══ Supplied data ══
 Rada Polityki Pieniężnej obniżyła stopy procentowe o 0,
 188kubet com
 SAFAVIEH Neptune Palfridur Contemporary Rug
═══
--- Your objective ---
Please set down all of the data above again, matching it exactly.

--- Response for this exercise ---
 Rada Polityki Pieniężnej obniżyła stopy procentowe o 0,
 188kubet com
 SAFAVIEH Neptune Palfridur Contemporary Rug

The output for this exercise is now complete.